§ Requirement:
Could the data below be printed out exactly, with the pictures left out?

===============

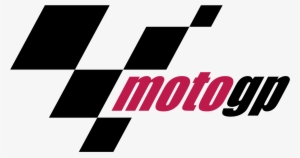 moto gp logo png transparent - moto gp 2 logo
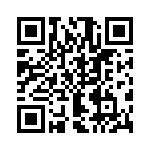 MS27505E23F35B QRCode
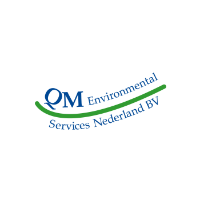 QM Environmental International BV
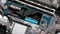 Kioxia Exceria Plus G4 - SSD 2TB - M.2 PCIe 5.0 NVMe BiCS FLASH TLC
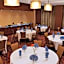 Residence Inn by Marriott Sacramento Downtown at Capitol Park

===============

§ Expected answer:
 moto gp logo png transparent - moto gp 2 logo
 MS27505E23F35B QRCode
 QM Environmental International BV
 Kioxia Exceria Plus G4 - SSD 2TB - M.2 PCIe 5.0 NVMe BiCS FLASH TLC
 Residence Inn by Marriott Sacramento Downtown at Capitol Park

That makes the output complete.